The reply should hold only the lines below beginning at the one with "In Balance Out" and ending at the one with "Однобортный пиджак Missoni. Цвет: черный", copied exactly, with every picture left out.

THE DATA: Begin

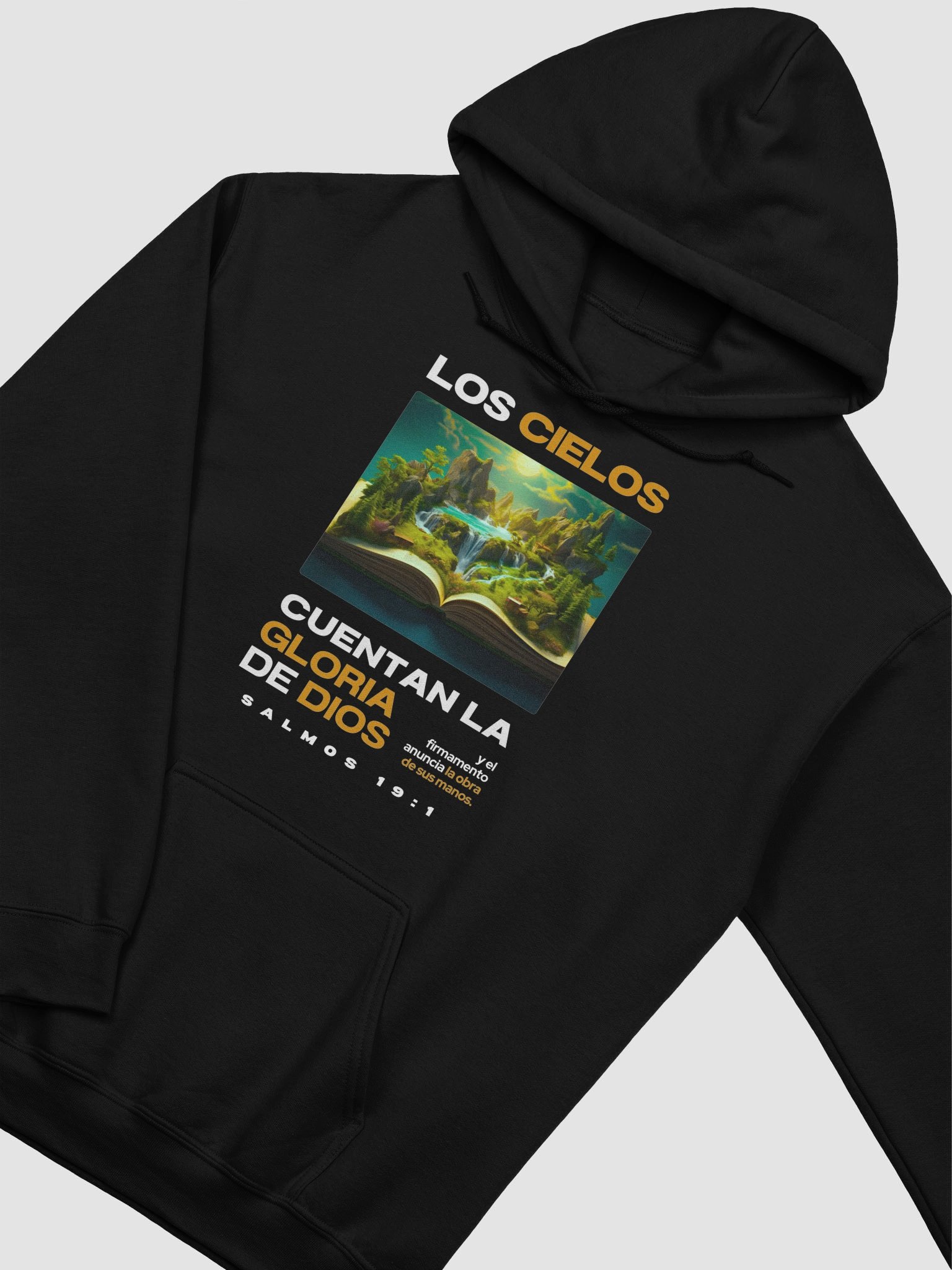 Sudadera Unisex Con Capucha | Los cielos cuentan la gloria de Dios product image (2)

THE DATA: End
THE DATA: Begin

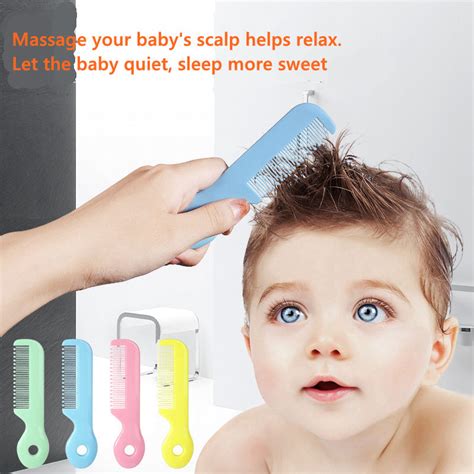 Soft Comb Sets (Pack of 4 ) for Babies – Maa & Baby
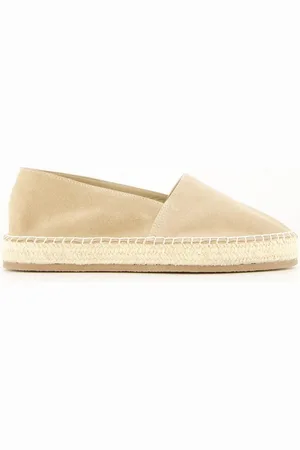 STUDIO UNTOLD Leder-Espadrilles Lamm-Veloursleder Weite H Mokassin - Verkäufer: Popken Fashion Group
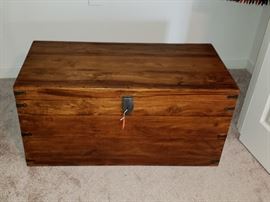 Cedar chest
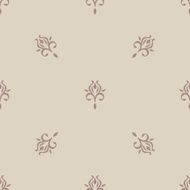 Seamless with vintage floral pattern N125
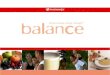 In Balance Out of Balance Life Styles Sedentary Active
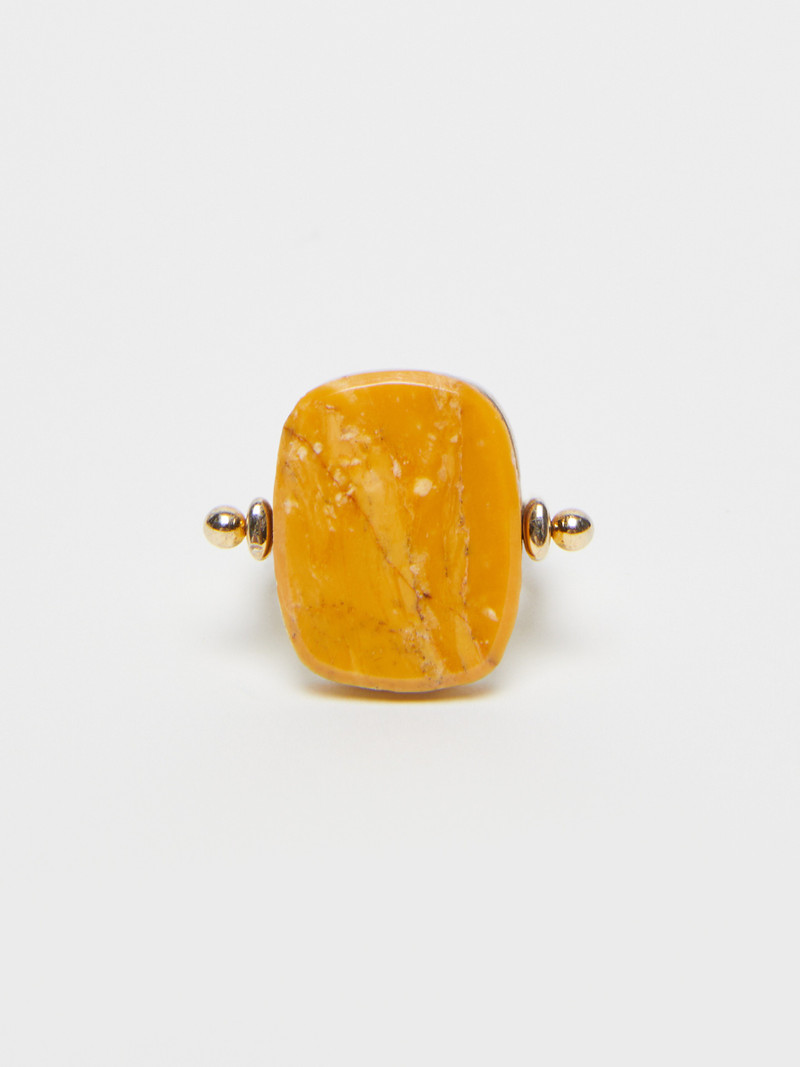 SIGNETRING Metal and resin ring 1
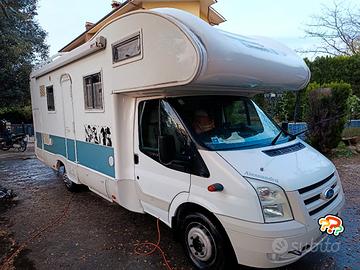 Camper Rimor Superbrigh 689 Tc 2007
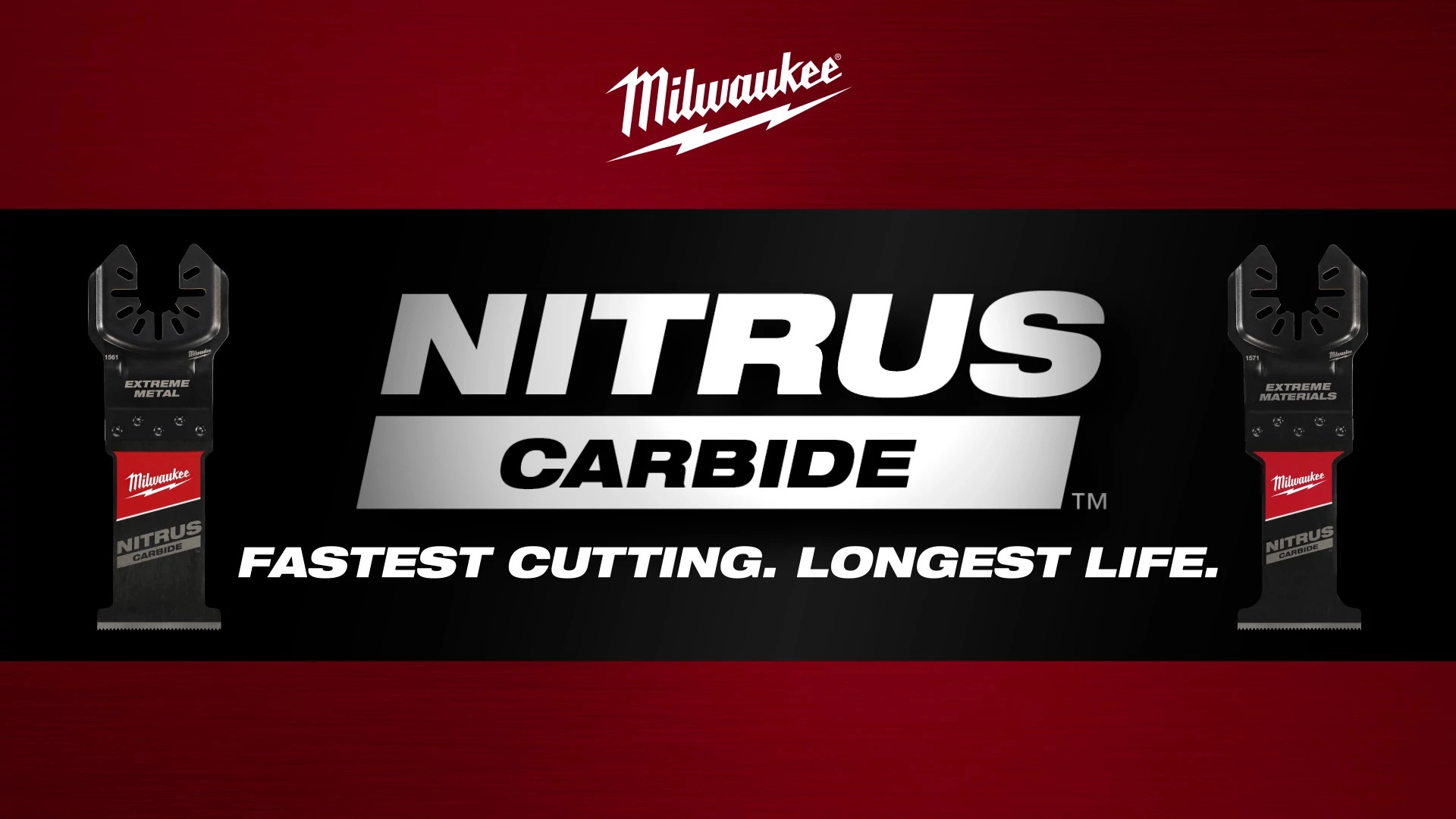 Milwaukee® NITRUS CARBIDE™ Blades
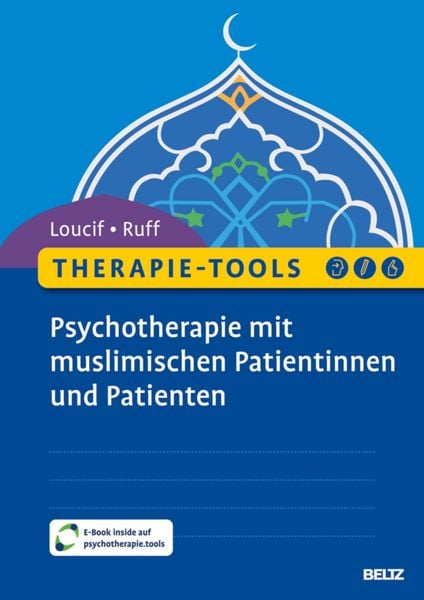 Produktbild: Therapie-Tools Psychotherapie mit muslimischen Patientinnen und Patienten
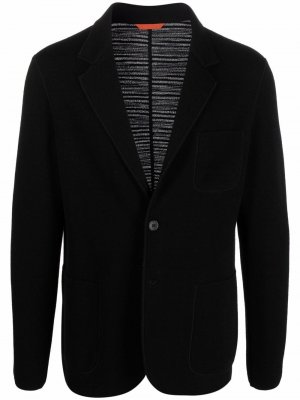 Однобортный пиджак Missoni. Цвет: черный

THE DATA: End

TASK SOLUTION:
 In Balance Out of Balance Life Styles Sedentary Active
 SIGNETRING Metal and resin ring 1
 Camper Rimor Superbrigh 689 Tc 2007
 Milwaukee® NITRUS CARBIDE™ Blades
 Produktbild: Therapie-Tools Psychotherapie mit muslimischen Patientinnen und Patienten
 Однобортный пиджак Missoni. Цвет: черный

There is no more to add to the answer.